Schools and scoreboards that don't know the score

Modern sports reporting prides itself on tying athletics to the real world, but today’s Oregonian was living in la-la land with a gushy story about glitzy video scoreboards at high schools. The new high-tech boards — billboards really — are showcases for junk food and junk beverages.

Oh, they do show the score, buried somewhere in the 7-Up and Dr. Pepper ads.

The Oregonian’s sports editors might want to check out today’s Nicholas Kristof column in the New York Times. He addresses the menace posed to kids by soft drinks, aka “liquid candy bars.” In New York state, Gov. Paterson has proposed slapping a hefty 18 percent sales tax on soft drinks in order to discourage their consumption. Tax revenue could be used to support our schools.
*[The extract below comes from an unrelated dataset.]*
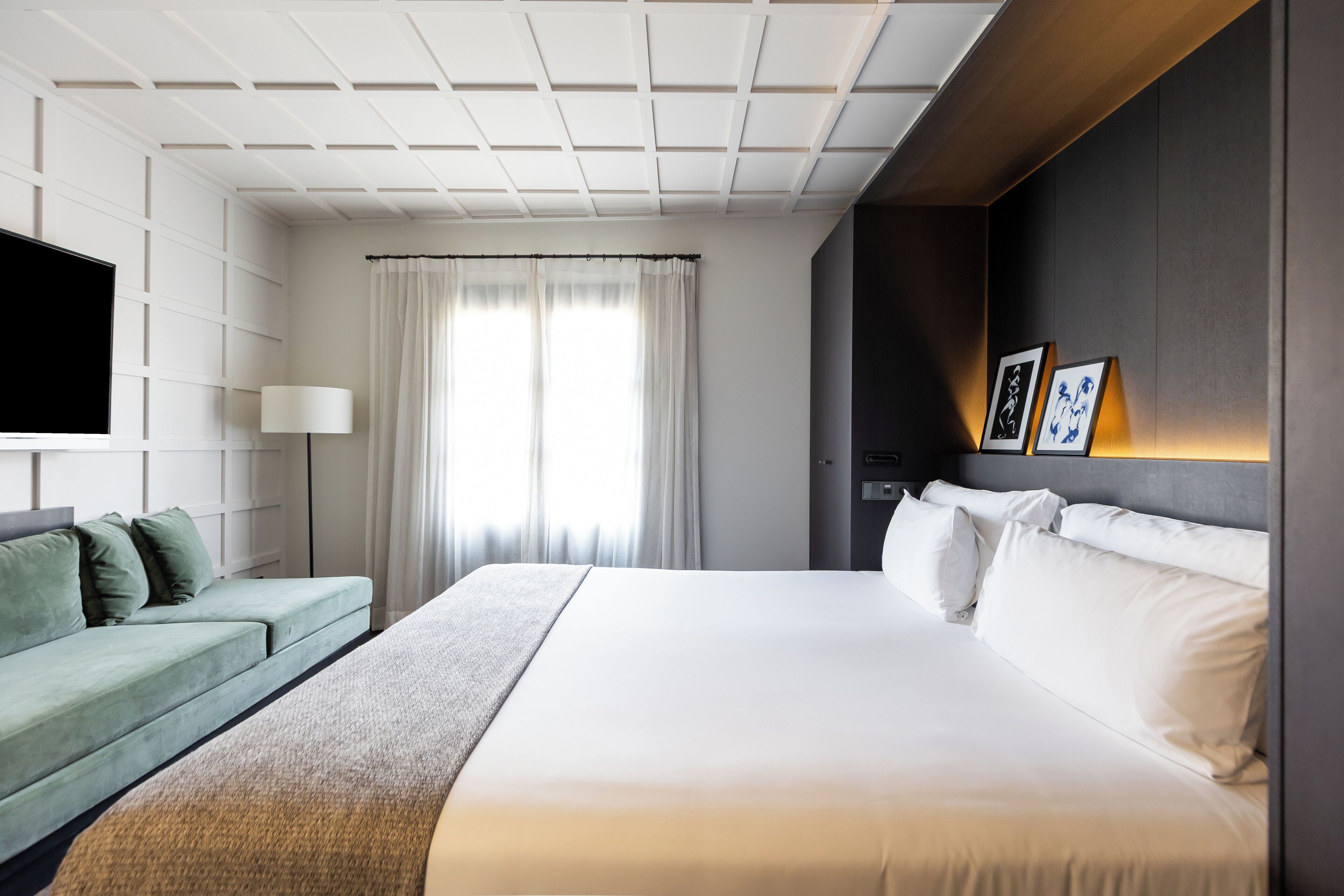 A modern hotel room with a large bed, a green sofa, a flat-screen TV, and a wall-mounted lamp.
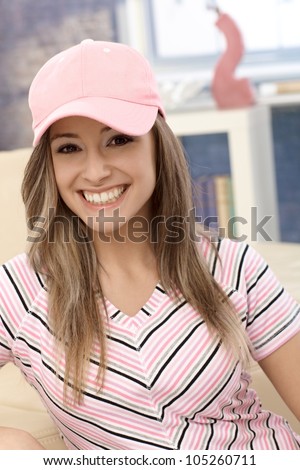 Sporty girl smiling in pink baseball cap at home.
Meanwhile high school athletics departments, to tap into advertising revenues and to hype sports, are welcoming beverage advertisers to sell dangerous, diabetes-causing junk drinks to kids via score boards.

In the Oregonian story, an athletic coach in Dallas, Oregon, added a scary but true observation. The article quoted him as saying that sports is another classroom for kids. In other words, sports teaches lessons — in this case, dangerous ones.

As the coach put it, “I really think so goes athletics, so goes your school.” And so goes education.

So what’s the score? Health — 0; Diabetes, obesity and other sugar-related health problems — 200 plus (in pounds).

And the people who run the schools are getting more stupid, and dangerous to our kids, by the minute.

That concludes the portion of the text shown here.